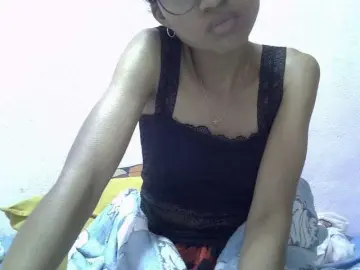 Yalane from bongacams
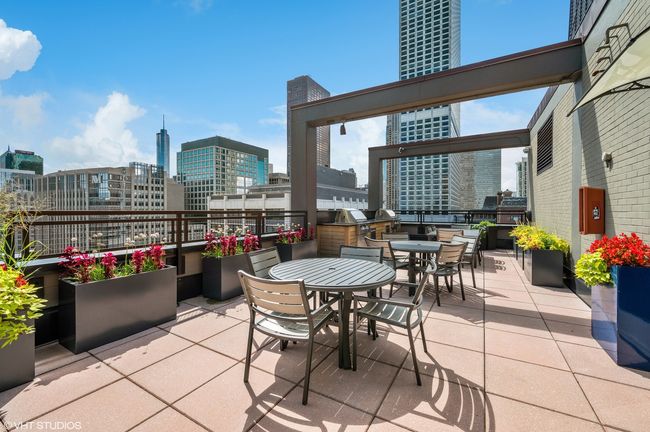 APT-1802 - 247 E Chestnut St, Condo with 2 bedrooms, 2 bathrooms and null parking in CHICAGO IL | Image 16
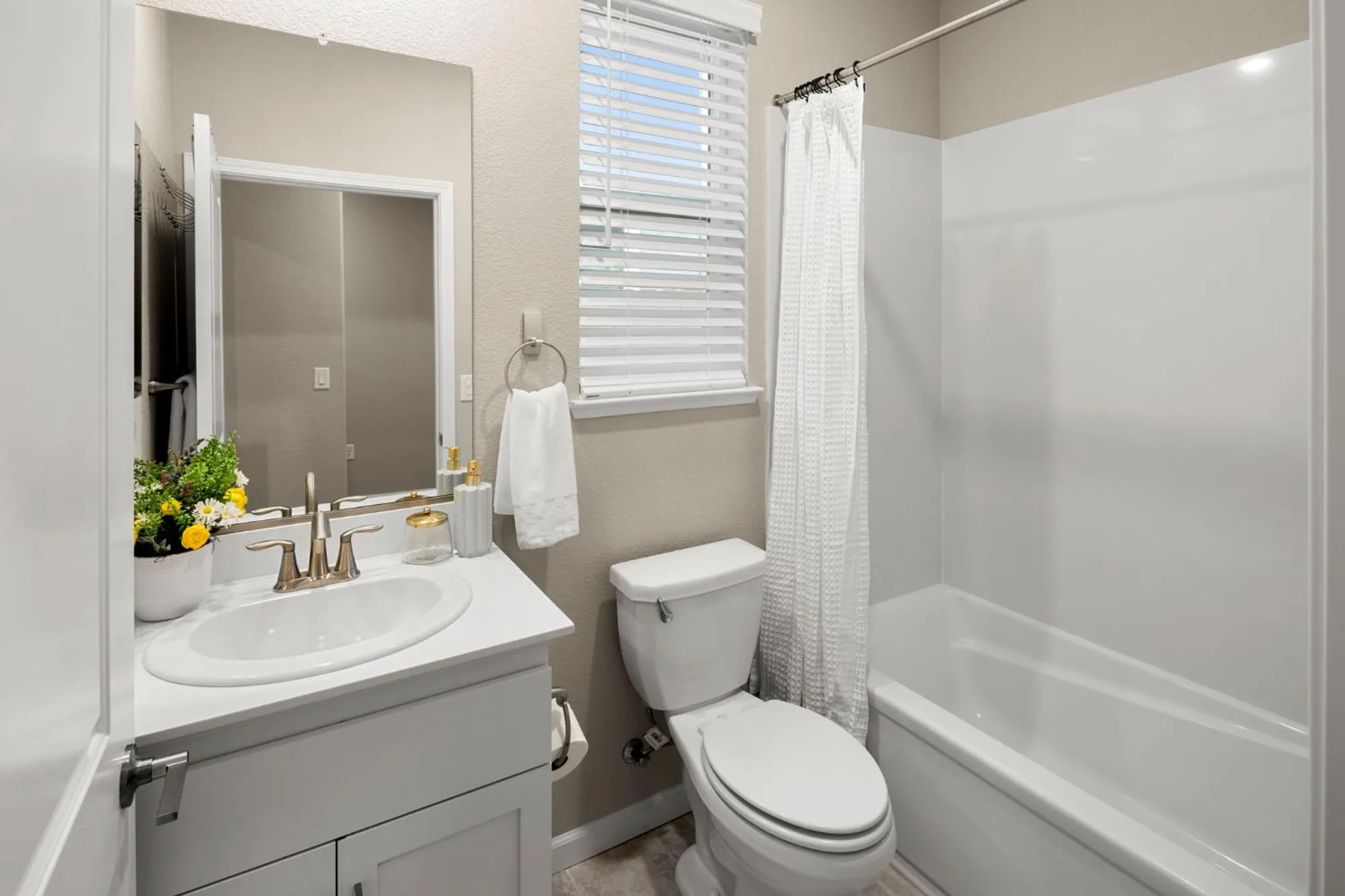 Property Slideshow image 26 of 52 | 1180 alpine way, Lincoln, CA, 95648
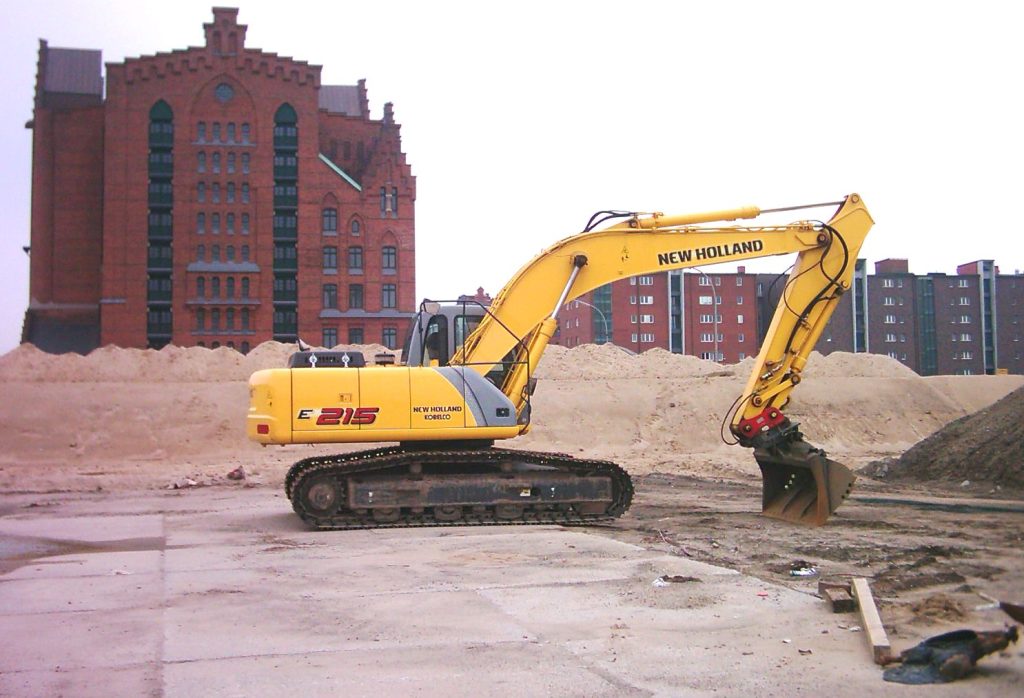 Exploring the New Holland Excavator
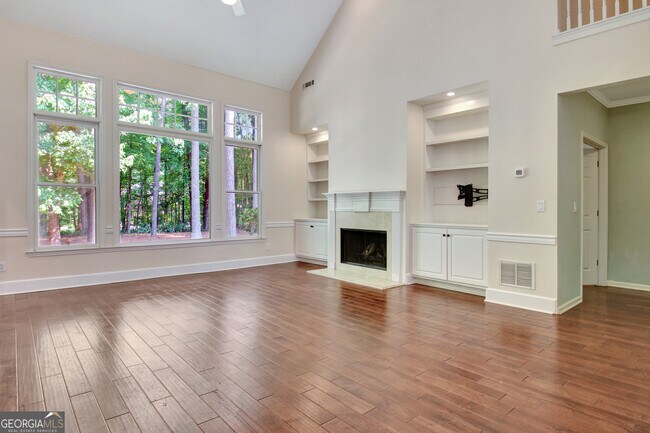 Building Photo - 185 Newfield Dr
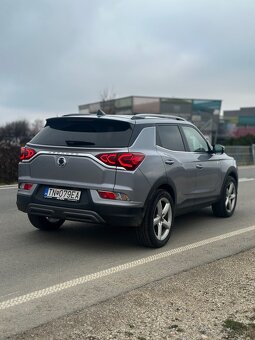 Ssangyong Korando - 3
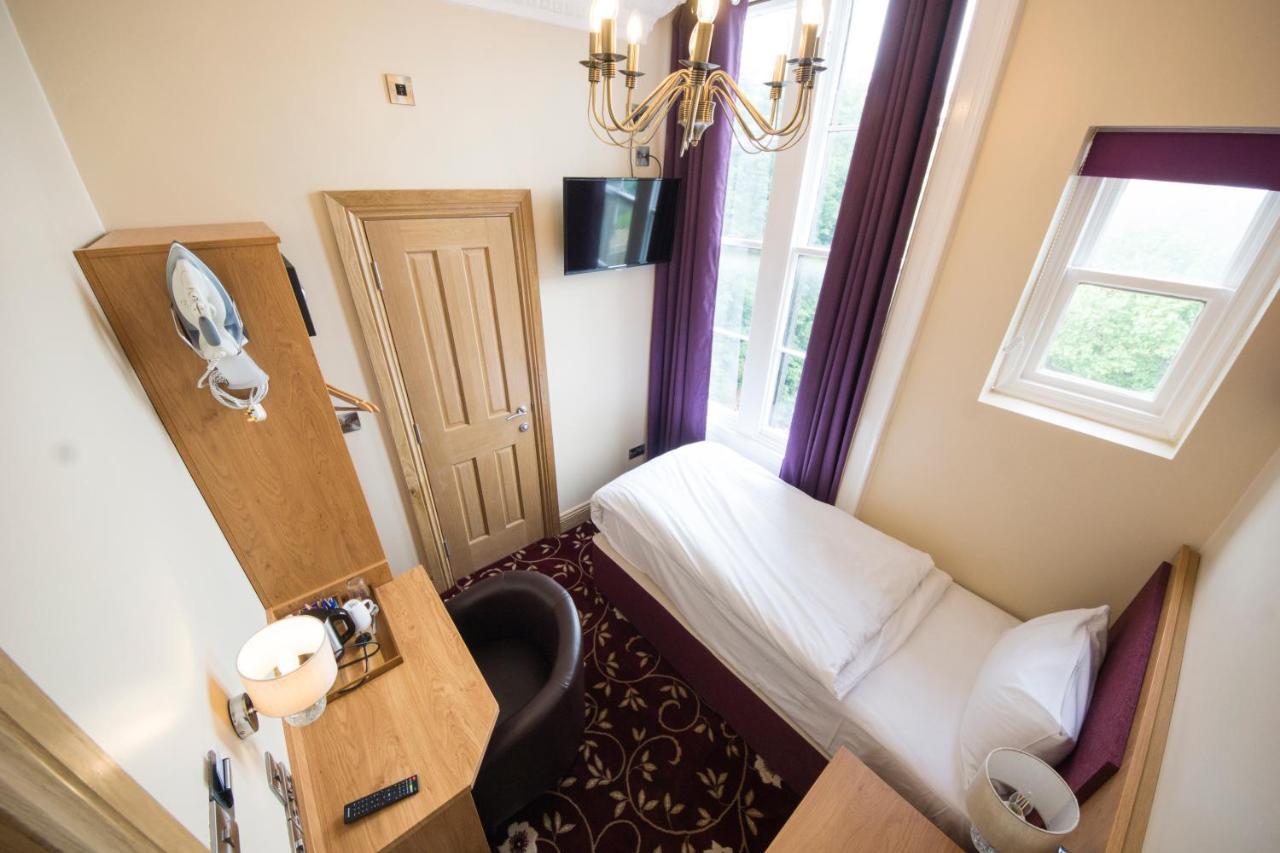 Edgerton Hotel Huddersfield Buitenkant foto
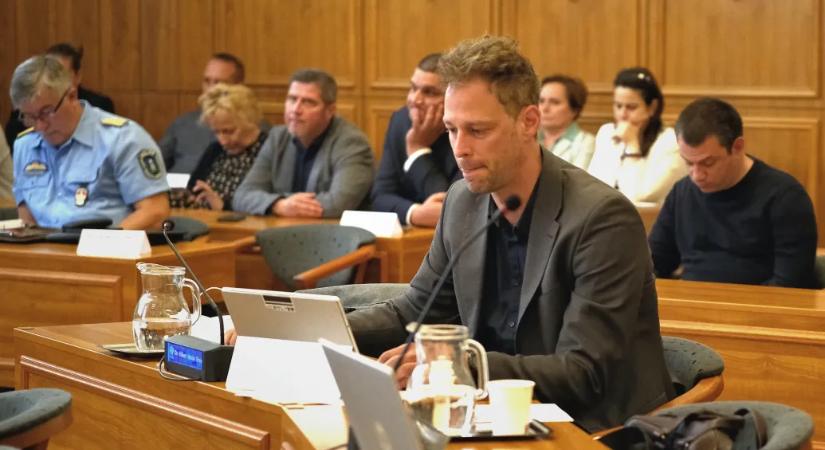A választás utáni első pécsi közgyűlésen lépett ki a Fidesz-frakcióból egy képviselő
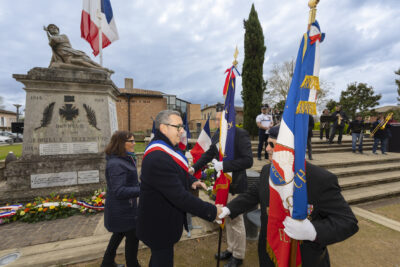 Photo du Maire qui serre la main aux porteurs de drapeau, à côté du Monument aux morts - Agrandir l'image 15 sur 16, fenêtre modale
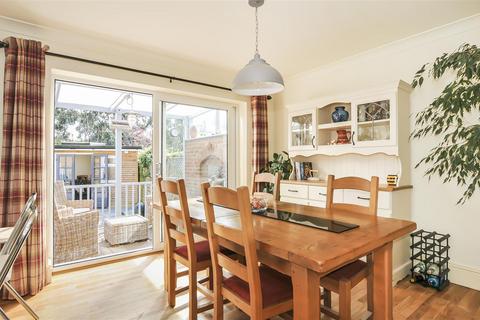 52 Stuart Way, Windsor, SL4 5NT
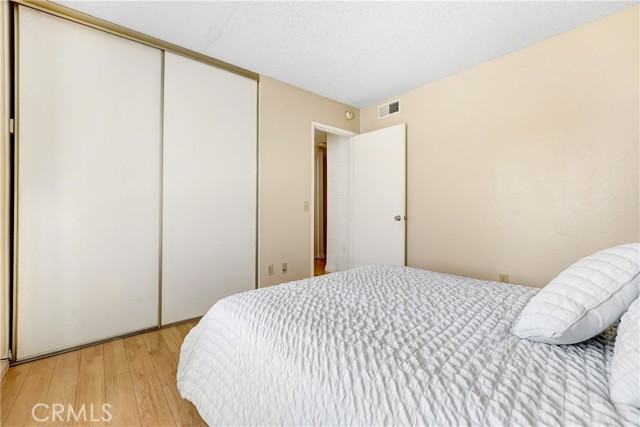 9531 Sepulveda blvd, 3 photo 16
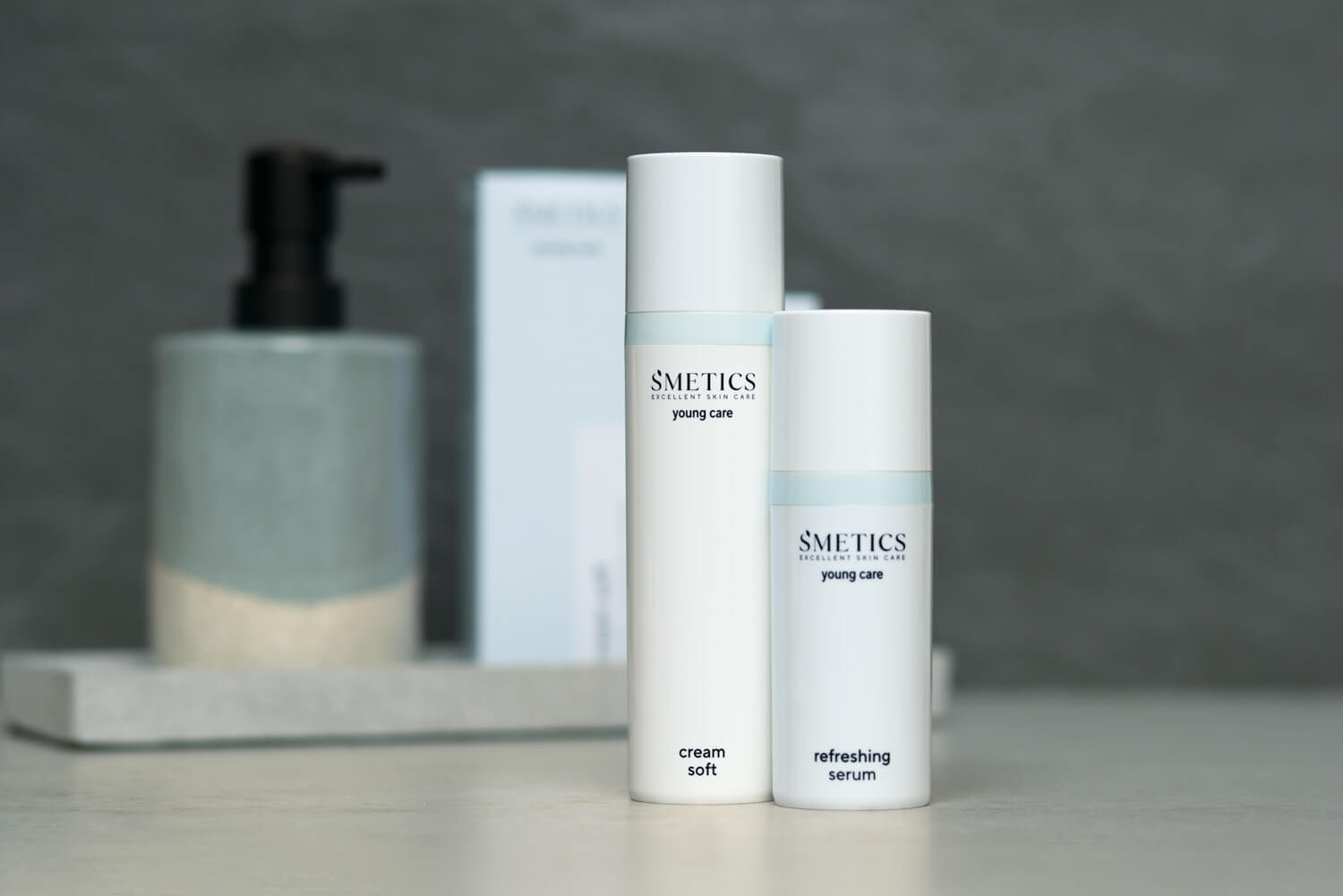 S'METICS Young Care Produkte stehen neben einem Seifenspender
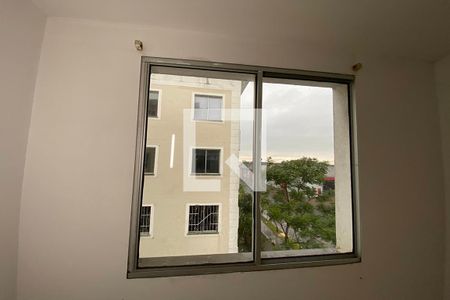 Janela do Quarto 1 de apartamento para alugar com 3 quartos, 52m² em Santos Dumont, São Leopoldo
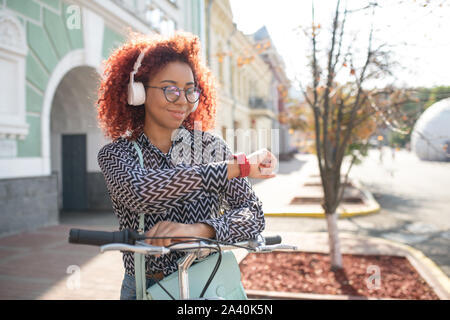 Fille Curly sentiment excité avant de rencontrer son vieil ami Banque D'Images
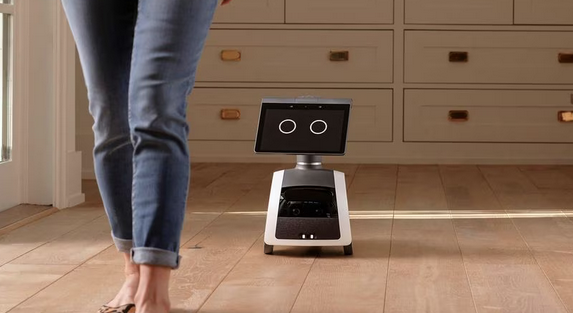 Lo que viene de Amazon: una mascota robótica, televisores con manos libres y taxis autónomos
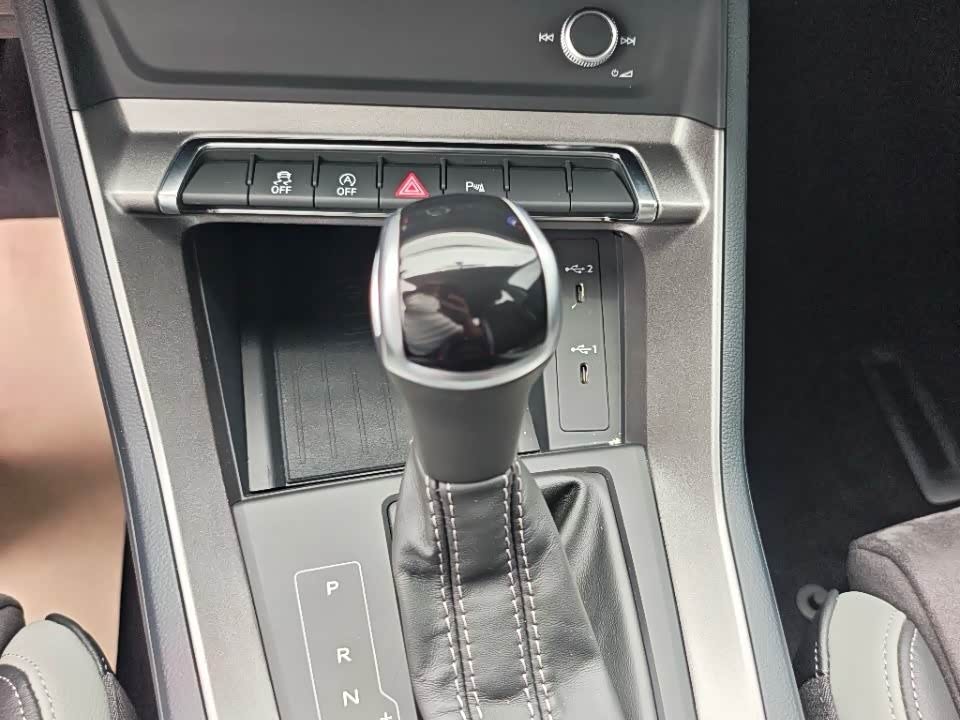 Audi Q3 1.4 л 2022 г. Белый, пробег 47000 км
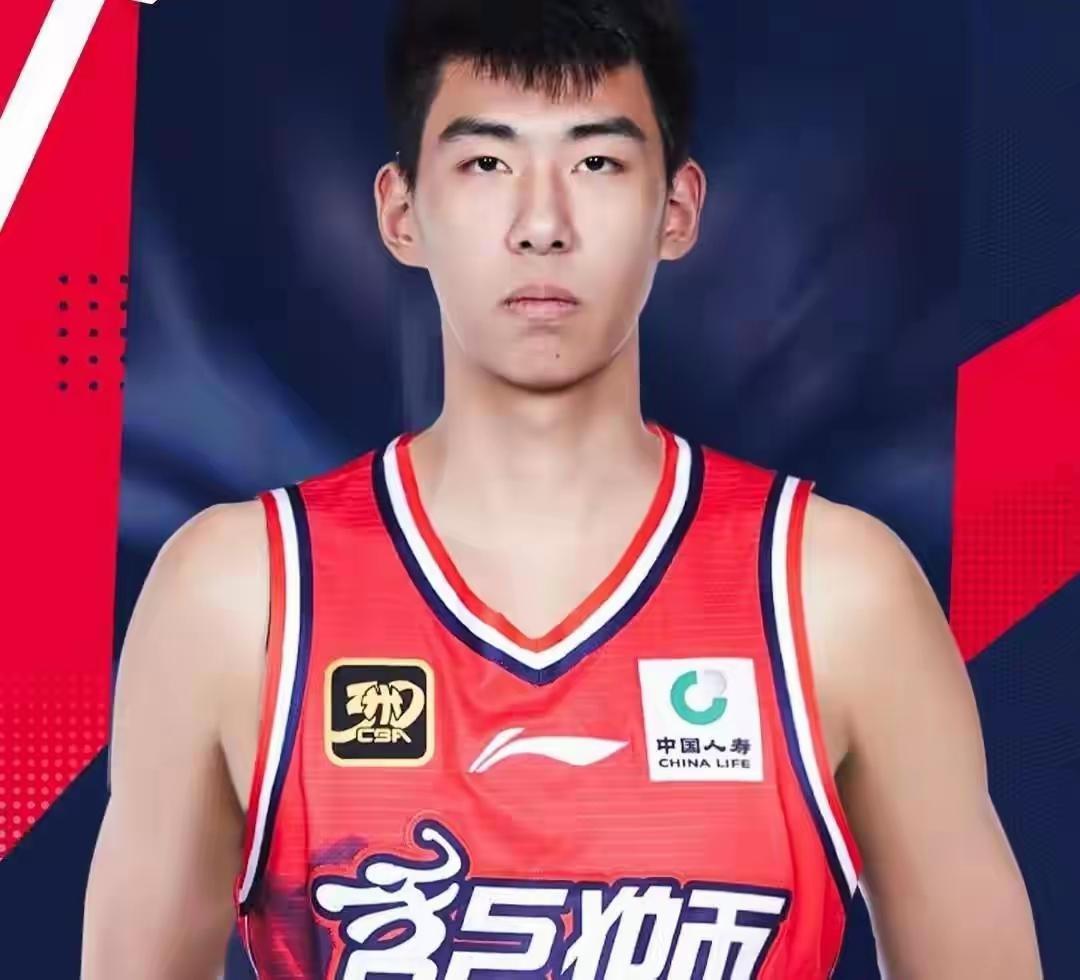 徐昕去集训队练级回来果然不一样，攻防两端都发挥出色，帮助球队力克山东男篮，取得马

··········

Copy exactly, without pictures, the lines above from the one with "A választás utáni" down to the one with "S'METICS Young Care", inclusive.

A választás utáni első pécsi közgyűlésen lépett ki a Fidesz-frakcióból egy képviselő
 Photo du Maire qui serre la main aux porteurs de drapeau, à côté du Monument aux morts - Agrandir l'image 15 sur 16, fenêtre modale
 52 Stuart Way, Windsor, SL4 5NT
 9531 Sepulveda blvd, 3 photo 16
 S'METICS Young Care Produkte stehen neben einem Seifenspender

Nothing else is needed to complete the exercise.